- Exercise brief: Only an exact copy of the lines beginning at the one that contains "Pre-Owned Dolce &" and ending at the last line of the records below counts as the answer.

- Data provided:
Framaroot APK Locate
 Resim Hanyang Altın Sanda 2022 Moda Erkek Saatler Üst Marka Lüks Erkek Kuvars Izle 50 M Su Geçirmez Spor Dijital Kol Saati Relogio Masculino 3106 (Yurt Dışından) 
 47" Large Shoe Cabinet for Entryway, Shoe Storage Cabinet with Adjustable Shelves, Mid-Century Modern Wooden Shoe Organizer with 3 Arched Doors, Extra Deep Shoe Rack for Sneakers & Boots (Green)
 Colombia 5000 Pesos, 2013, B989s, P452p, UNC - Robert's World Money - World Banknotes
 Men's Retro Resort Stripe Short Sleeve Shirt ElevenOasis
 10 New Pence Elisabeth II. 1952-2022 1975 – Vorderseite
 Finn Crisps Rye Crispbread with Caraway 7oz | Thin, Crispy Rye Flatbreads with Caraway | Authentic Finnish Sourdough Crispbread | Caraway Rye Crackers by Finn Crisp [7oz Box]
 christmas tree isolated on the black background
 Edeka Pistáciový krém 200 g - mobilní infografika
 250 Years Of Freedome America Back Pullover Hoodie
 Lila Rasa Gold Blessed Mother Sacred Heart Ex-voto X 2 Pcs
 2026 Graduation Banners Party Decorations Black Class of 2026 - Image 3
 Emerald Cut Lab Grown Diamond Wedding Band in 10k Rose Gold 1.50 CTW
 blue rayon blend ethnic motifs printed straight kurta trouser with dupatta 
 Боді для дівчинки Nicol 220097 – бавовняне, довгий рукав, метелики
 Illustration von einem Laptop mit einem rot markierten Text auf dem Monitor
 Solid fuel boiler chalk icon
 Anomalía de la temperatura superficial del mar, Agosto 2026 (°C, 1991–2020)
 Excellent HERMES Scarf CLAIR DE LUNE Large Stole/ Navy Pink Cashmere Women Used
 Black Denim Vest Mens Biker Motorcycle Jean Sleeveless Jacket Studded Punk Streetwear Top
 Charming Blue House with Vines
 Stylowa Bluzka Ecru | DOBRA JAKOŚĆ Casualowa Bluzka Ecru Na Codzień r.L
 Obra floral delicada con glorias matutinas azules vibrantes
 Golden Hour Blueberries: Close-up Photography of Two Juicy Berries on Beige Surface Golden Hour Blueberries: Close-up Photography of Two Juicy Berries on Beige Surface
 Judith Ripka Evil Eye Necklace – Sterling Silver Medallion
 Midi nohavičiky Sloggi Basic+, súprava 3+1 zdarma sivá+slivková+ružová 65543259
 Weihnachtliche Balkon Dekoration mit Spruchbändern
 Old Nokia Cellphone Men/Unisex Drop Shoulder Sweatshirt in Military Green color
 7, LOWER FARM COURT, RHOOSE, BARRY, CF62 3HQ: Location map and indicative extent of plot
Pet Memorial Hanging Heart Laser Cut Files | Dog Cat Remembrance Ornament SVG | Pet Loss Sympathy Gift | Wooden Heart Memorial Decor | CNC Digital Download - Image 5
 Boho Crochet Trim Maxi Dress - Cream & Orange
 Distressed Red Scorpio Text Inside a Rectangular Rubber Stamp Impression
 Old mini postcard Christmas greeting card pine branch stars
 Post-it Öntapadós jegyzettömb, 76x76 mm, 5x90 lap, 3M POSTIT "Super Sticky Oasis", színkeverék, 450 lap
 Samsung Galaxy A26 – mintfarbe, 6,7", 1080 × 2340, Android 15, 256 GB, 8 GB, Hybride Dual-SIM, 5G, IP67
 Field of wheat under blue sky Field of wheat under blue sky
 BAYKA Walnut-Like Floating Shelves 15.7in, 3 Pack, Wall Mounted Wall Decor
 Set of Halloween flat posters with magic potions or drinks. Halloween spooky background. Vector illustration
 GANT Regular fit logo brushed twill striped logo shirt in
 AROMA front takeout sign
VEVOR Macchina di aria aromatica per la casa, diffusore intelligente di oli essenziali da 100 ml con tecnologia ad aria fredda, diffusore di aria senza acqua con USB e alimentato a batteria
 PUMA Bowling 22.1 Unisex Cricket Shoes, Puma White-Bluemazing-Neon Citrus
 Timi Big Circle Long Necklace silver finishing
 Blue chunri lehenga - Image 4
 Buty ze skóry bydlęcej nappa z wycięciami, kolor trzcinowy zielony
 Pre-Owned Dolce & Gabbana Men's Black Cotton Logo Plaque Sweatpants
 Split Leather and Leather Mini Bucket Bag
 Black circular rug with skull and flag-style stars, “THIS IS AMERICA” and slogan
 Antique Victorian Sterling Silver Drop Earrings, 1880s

- Output for this task:
 Pre-Owned Dolce & Gabbana Men's Black Cotton Logo Plaque Sweatpants
 Split Leather and Leather Mini Bucket Bag
 Black circular rug with skull and flag-style stars, “THIS IS AMERICA” and slogan
 Antique Victorian Sterling Silver Drop Earrings, 1880s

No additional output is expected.